When the Gin Blossoms first formed in Tempe, Ariz., some 25 years ago, the Phoenix suburb was producing bands that had a certain style. Some critics called it the "Mill Avenue sound" in honor of the city's main drag where a slew of clubs catered to college kids by presenting up-and-coming bands.

"We call it the jangle crunch," says guitarist Scotty Johnson. "While one guy is picking and playing open chords, the other guy is crunching and playing power chords. That's kind of our sound. Back in the day, there were a lot of clubs that we could play. I remember seeing the Meat Puppets back in the day. There were all these crazy stories about how they were on acid when they played. There was always this thing about how crazy those guys were. I think a lot of it was true."

When the Meat Puppets got big, the Gin Blossoms were still teenagers. But that band helped pave the way for groups like the Gin Blossoms and the Refreshments.  The Blossoms debut, 1992's

New Miserable Experience, featured radio hits such as "Hey Jealousy" and "Found Out About You," songs that built on the moody mid-tempo alt-rock that R.E.M. made famous (the late Doug Hopkins, the original guitarist that Johnson replaced, wrote both of the tunes.) The band's followup, 1996's Congratulations I'm Sorry, also fared well on the charts. But just as the band was hitting its stride, the guys decided to call it quits.

"I think it turned into work," Johnson says of the band's breakup. "You do the club scene and then you graduate from that and you get signed and you're with a label and you have hit singles. We supported New Miserable Experience for three years. With the second record, we were doing state fairs and not like that's a drag. I don't know how to describe it. It wasn't crazy fun. You weren't doing crazy small clubs with lines out the door. All of a sudden, it turns into a job. I think that's what happened. It just fell apart there. Our manager quit in the middle of a tour. That was kind of a blow. Everybody got tired of sitting on a bus and staring at each other. Looking back, it's just so silly."

Johnson admits immaturity had something to do with the breakup.

"We had a song on the charts and our record was in the top 100 and we decided to break up at the wrong time," he says. "We were young. Now, when I hear about a band breaking up, I think, 'I've been through that.' I made that stupid decision to break up. Years roll by and you realize, 'We created this music. This is ours. We should be celebrating. This is what people dream of.'"

At the end of 1999, the band got together for an end of the millennium concert. "You know how every city had some kind of show," Johnson says. "Some promoter here wanted to have all the big bands in the area play. They contacted us about reforming and that was fun." The band did some more shows and then put together a reunion tour. "We just decided to be a real band again. It was slow but it was successful and ten years later, we're still playing."

The band's music hasn't changed drastically. Its last album, 2010's No Chocolate Cake, features the same quotient of ballads and radio friendly rock tunes.  

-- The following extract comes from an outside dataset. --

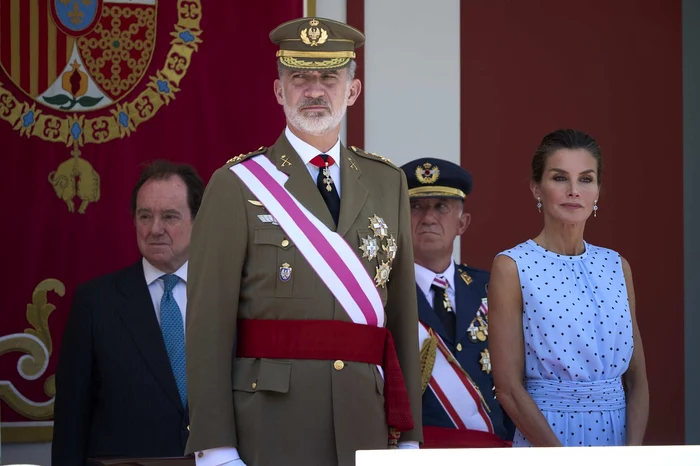 letizia profimedia 0695244939 jpg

"We keep it the same," Johnson says. "We know what we're good at and we're not going to reinvent the wheel. We just try to do some different grooves but we didn't branch out too far from where we started."

This week's concert in Cleveland isn't part of a tour. Rather, the band is coming to town to play a special benefit for the Get Well Gabby Foundation, a non-profit founded last year in honor of Gabriella Vogel, a 5-year-old who died of diffuse intrinsic pontine glioma (DIPG) in 2011. Singer Matthew Knabe, the frontman of the hard rock outfit Ligion, will host the event, and a slew of local bands are slated to play. Proceeds from the concert will go toward efforts to find a cure for childhood cancer.

For the Gin Blossoms, who haven't put out a new studio album in three years, playing special benefit concerts makes more sense than embarking on lengthy, expensive tours.

"We don't sell a lot of records and we don't have a lot of downloads," Johnson says. "We don't even sell a lot of T-shirts. I hear bands telling me, 'We made $3,000 selling T-shirts last night.' As your fans get older, they stop buying records and stop buying T-shirts. It kind of levels the playing field. The songwriters make all the money and the players don't so you beg someone like [the Who's] Pete Townshend to go on tour with you because the rest of the guys in the band need the money. Now that it's slowed down, everyone is happy to work and play shows and make some money and have fun."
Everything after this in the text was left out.